---- PROVIDED RECORDS
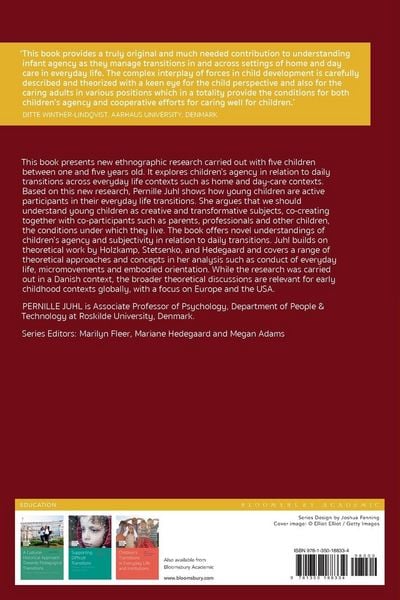 Produktbild: Exploring Young Children's Agency in Everyday Transitions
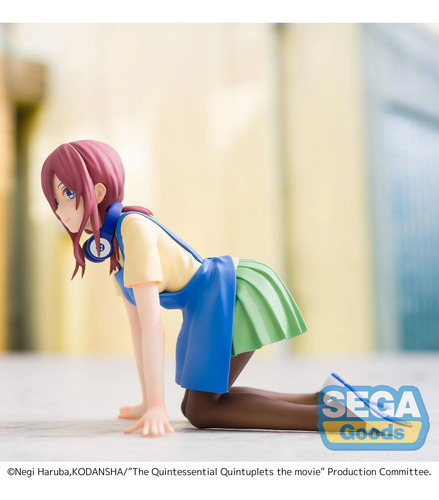 Las Quintillizas The Movie Figura Miku Nakano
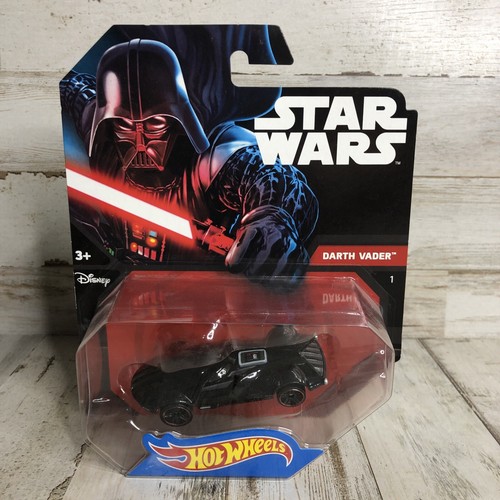 Hot Wheels - Star Wars - Darth Vader Sportwagen 2015 Neu - Bild 1 von 4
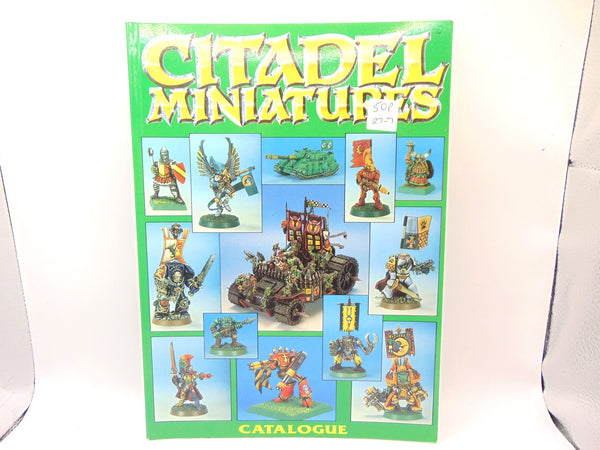 Citadel Miniatures Catalogue - Green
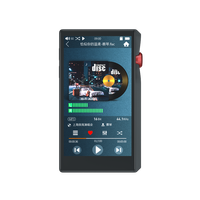 Pemutar MP3 HiFi C8 dengan Bluetooth OTG USB Disk Lossless DSD Pemutar Musik Audio Digital Resolusi Tinggi Mendukung hingga 1TB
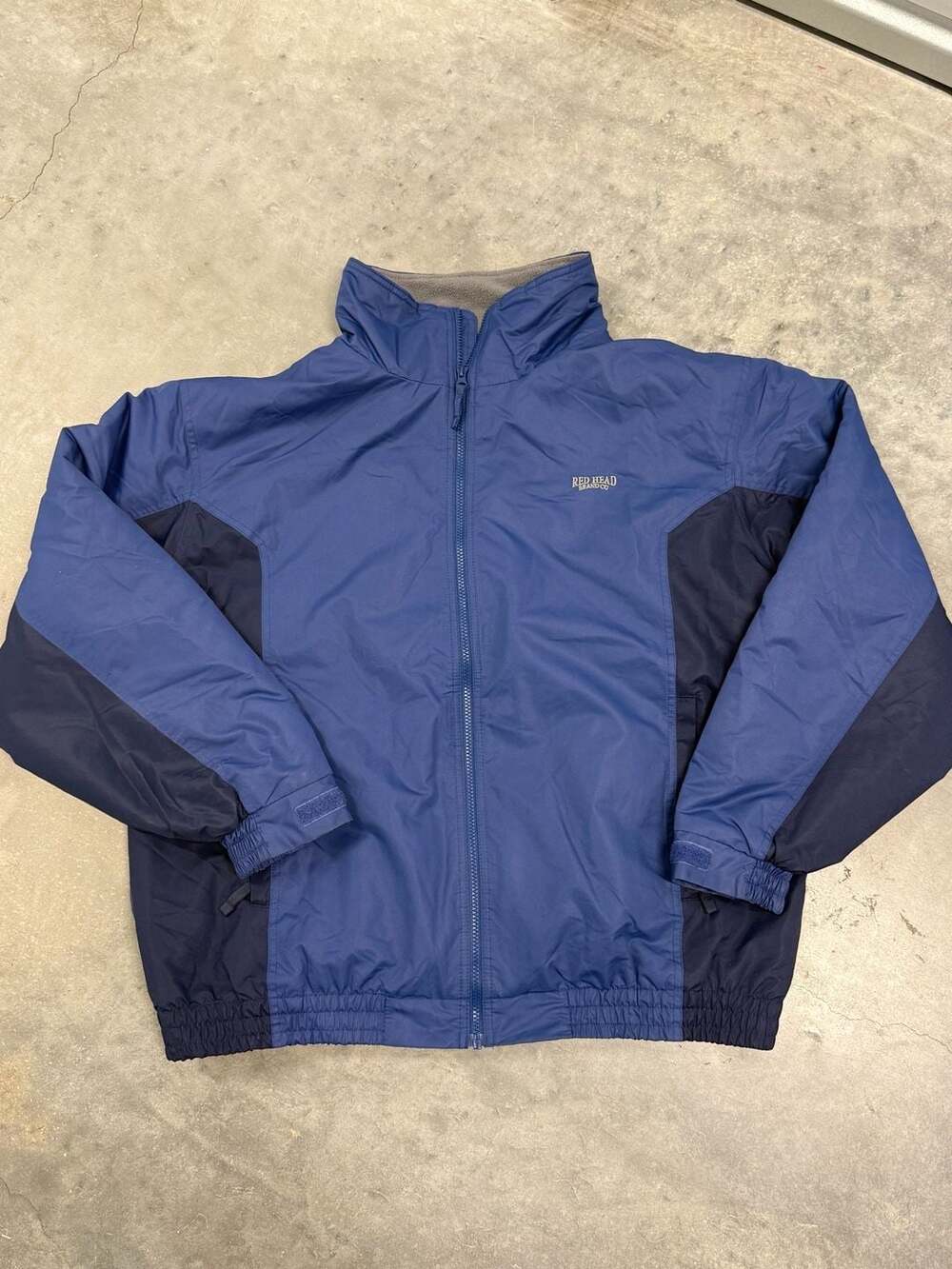 Red Head Brand Co. Blue Fleece Lined Jacket XL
--------
▸ TO DO: Retype the records in full. Do not carry over the images.

▸ SOLVED EXERCISE:
 Produktbild: Exploring Young Children's Agency in Everyday Transitions
 Las Quintillizas The Movie Figura Miku Nakano
 Hot Wheels - Star Wars - Darth Vader Sportwagen 2015 Neu - Bild 1 von 4
 Citadel Miniatures Catalogue - Green
 Pemutar MP3 HiFi C8 dengan Bluetooth OTG USB Disk Lossless DSD Pemutar Musik Audio Digital Resolusi Tinggi Mendukung hingga 1TB
 Red Head Brand Co. Blue Fleece Lined Jacket XL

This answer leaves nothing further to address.